Reproduce the listing below from the line with "kitchen featuring light" to the line with "Wedding party poses", both lines included, character for character, minus any pictures.

● **Supplied records**:
--- START ---
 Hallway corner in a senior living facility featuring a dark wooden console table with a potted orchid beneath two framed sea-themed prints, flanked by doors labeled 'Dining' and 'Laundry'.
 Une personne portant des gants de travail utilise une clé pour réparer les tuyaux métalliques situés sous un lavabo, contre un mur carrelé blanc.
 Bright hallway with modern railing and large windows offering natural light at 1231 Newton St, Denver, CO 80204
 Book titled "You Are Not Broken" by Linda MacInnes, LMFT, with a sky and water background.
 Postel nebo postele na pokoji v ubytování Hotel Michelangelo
--- END ---
--- START ---
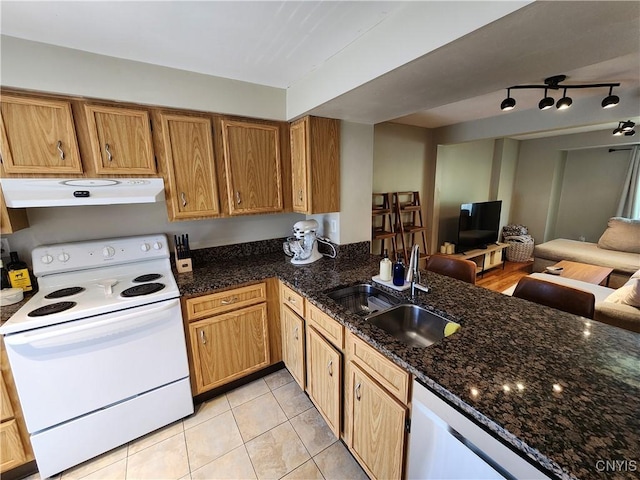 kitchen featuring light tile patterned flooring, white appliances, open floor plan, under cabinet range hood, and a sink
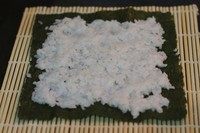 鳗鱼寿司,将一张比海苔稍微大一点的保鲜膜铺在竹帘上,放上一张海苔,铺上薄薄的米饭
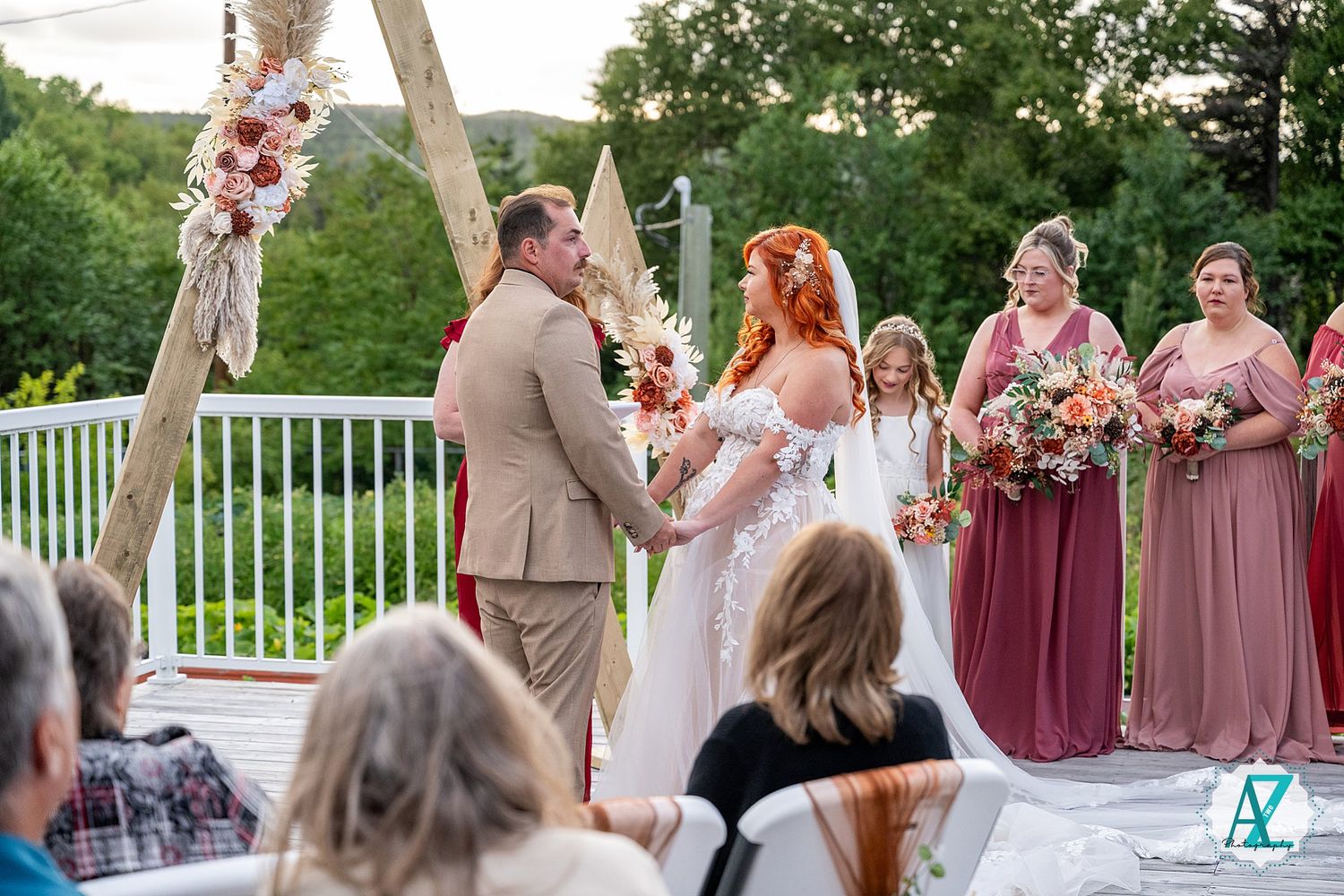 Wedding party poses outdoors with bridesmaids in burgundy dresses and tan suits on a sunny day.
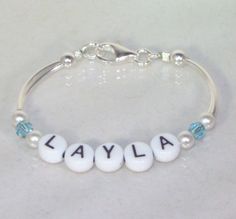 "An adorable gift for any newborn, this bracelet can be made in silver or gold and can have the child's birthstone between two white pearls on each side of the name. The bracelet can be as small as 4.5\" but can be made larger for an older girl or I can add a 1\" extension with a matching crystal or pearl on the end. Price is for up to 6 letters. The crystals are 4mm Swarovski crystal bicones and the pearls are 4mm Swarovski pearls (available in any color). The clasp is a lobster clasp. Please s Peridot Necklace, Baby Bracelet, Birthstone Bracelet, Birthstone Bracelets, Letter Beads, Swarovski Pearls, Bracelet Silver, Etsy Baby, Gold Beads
--- END ---
● **Solution to this exercise**:
 kitchen featuring light tile patterned flooring, white appliances, open floor plan, under cabinet range hood, and a sink
 鳗鱼寿司,将一张比海苔稍微大一点的保鲜膜铺在竹帘上,放上一张海苔,铺上薄薄的米饭
 Wedding party poses outdoors with bridesmaids in burgundy dresses and tan suits on a sunny day.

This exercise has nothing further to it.